I would like to come back to the answer I gave to Mr. Bamert. The, or what we can see today, yes, we can see what we have from projects which will be invoiced in the second half year, but this seasonality we always had also in the past. It really depends how strong product sales are coming back in the second half year. And today, from today's point of view, I cannot give you an answer if this is right or wrong, what you just said. It really depends.
Understood. The last one is on CAPEX. If I'm not making it wrong, that my, I thought it would be around like CHF 40 million. Given what you have seen then in H1, that would be meaning quite a pickup in the second half. Is that still your sort of thinking there, or do you actually, target a bit of a smaller number and therefore more of an equal, CAPEX, trajectory over the course of the year?

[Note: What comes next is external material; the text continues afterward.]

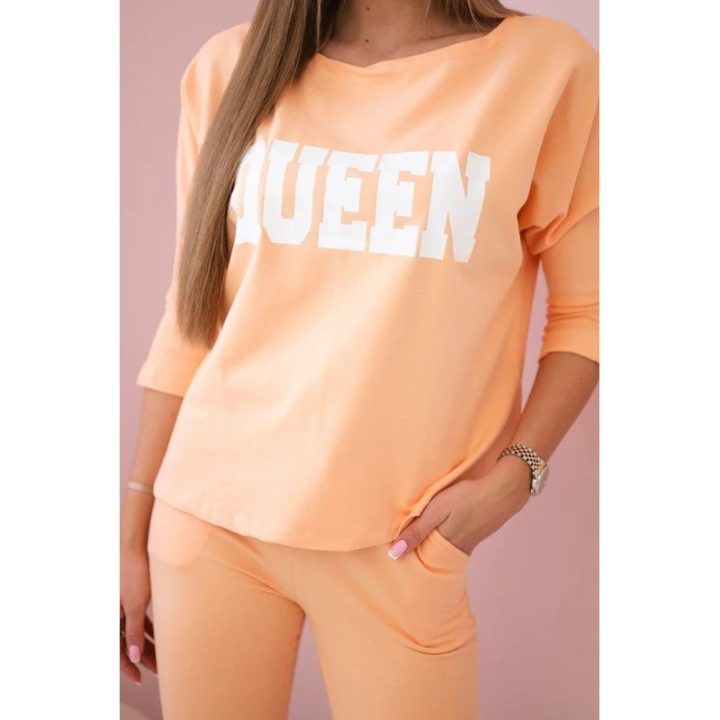 Moteriškas komplektas su „Queen“ užrašu, persikinis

We clearly target the lower number than what we said at the media conference in March, because these two projects we postponed last year in Germany for the expansion in Wermelskirchen and in Balve, we will postpone also now into next year. We will not do this, this year.
Got it. That has been all my three questions. Many thanks.

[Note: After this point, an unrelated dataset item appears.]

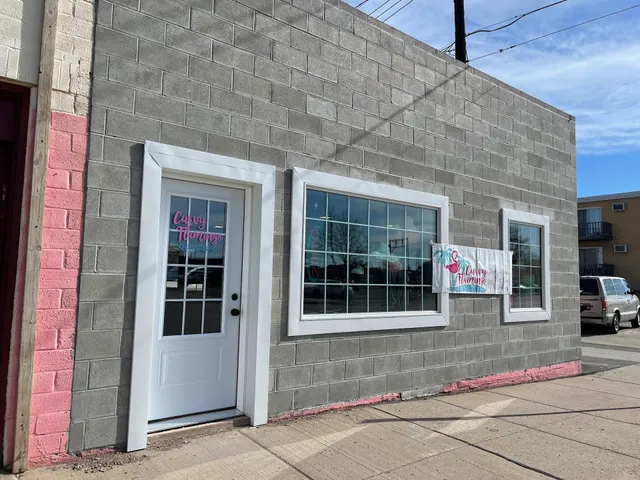 Curvy Flamingo Boutique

Thank you very much, Mr. Vogel.
The next question comes from the line of Serge Rotzer with Credit Suisse. Please go ahead.
Yes, good morning, everybody. I would like to extend the question about pricing and sales to me, because we haven't discussed at the cost base. Are there any, any headwinds or tailwinds, or I don't know, can you see in steel prices, transportation costs, or do you see labor costs? What is the net effect of all these head and tailwinds you have?

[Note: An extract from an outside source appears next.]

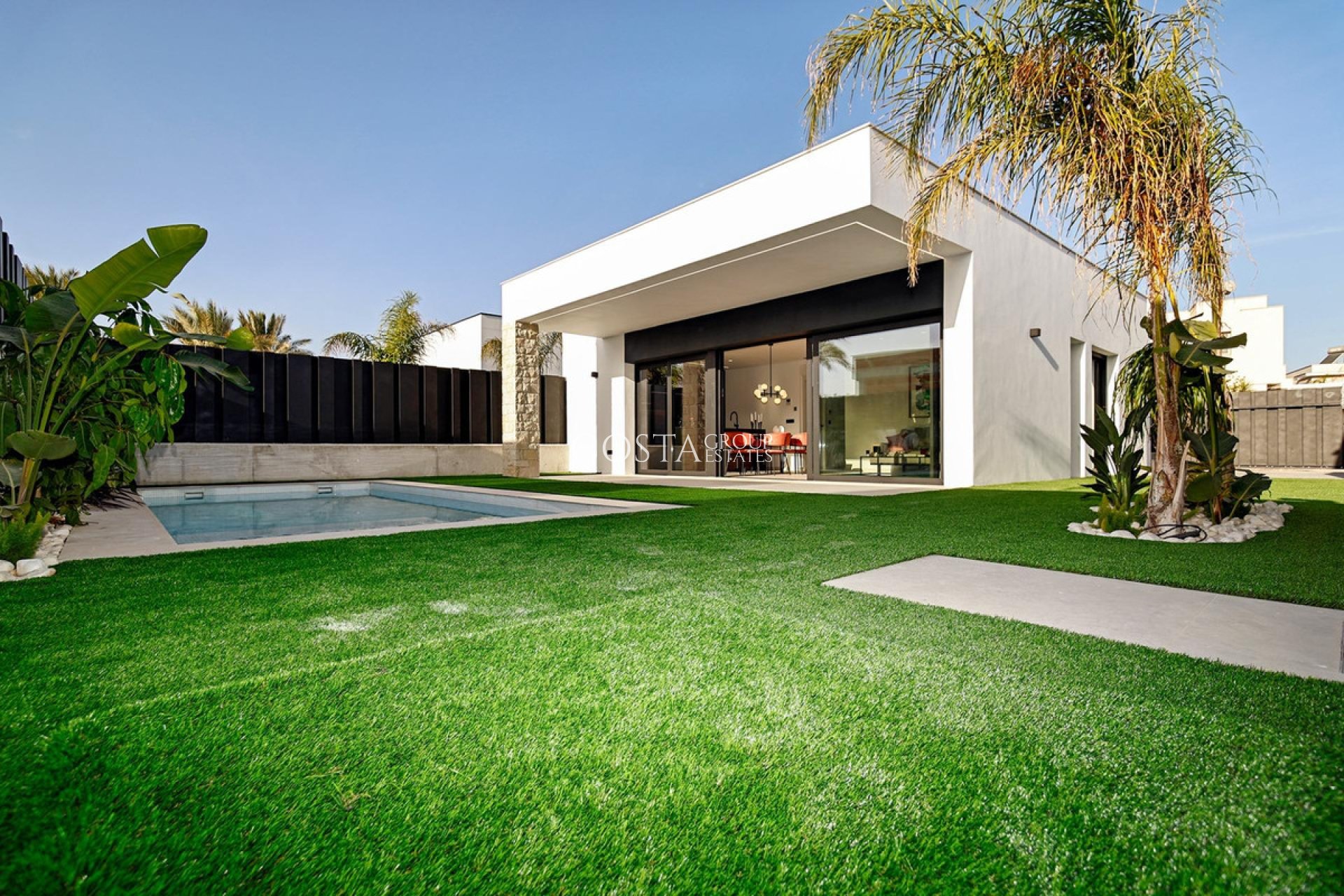 Herverkoop - Villa -
Molina De Segura - Molina de Segura Centro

Good morning, Mr. Rotzer. Thank you for your question. This is, we don't have a detailed analysis, how much is really coming from price, from cost. What we can see is, we have this internal index from our purchasing basket, what we purchase. There are variations in, but overall, the index is moving only within a range of -+ 1%. This is also why we don't see any reason for a price decrease or a price increase. The assessment we did last year by not doing a price increase, January first, and use the headwind or the tailwind we got from the material decrease to cover the headwind from the inflation pressure on salaries and on the other general expenses. This has worked out well, so we don't see that we have a need to really make a change here.
We have the new prices in the market. We get our target margin from the product mix. The mix can change in the second half year, overall, I expect that this time it will be different as we really lacked product sales, high margin sales in the first six months. If this rebounds, then we should see a little bit of different second half year than the normal ones, where really project business was always dominating the second half year.
Okay, very helpful. I got it. Then probably the last question, you always have been talking about this large tender pipeline in springtime, also already last year in autumn. Can you give me some flavor here that did this tender pipeline changed in volume, in size, and do you see further postponements? Probably, where is this tender pipeline? Is it in airports? Is it in CEP? Is it food, beverage? What's the share of e-commerce and also in region? I know it's a little bit an open question, but for a standard pipeline, bigger or smaller, and in which areas, in markets and, and regions?
Yeah, if you come to the pipeline, the pipeline remains to be strong. The pipeline is not as strong as it has been in the past. This, we also clearly need to state. There are some projects, where they have been postponed by one month, by two months, which now are postponed by a longer period of time, so we do not, no longer consider that right now as what projects. The pipeline is a little bit smaller, but still it's a, it's a good pipeline. As long as the projects are postponed and where we really suffer is the two regions. One is EMEA, which is our biggest market with more than 50%, and this, clearly is a big part and has a big influence on the total, and the other one is, Asia Pacific.
Asia Pacific is not coming back as we expected, and we did not even expect a V-curve. We expected that, there will be a strong rebound, but far off from a V-curve. Clearly, Asia Pacific is much weaker than we expected. We also say now for the outlook for the full year, we don't expect a very strong rebound from APAC.
What does it need, or would it need for Europe, for EMEA, that this could change?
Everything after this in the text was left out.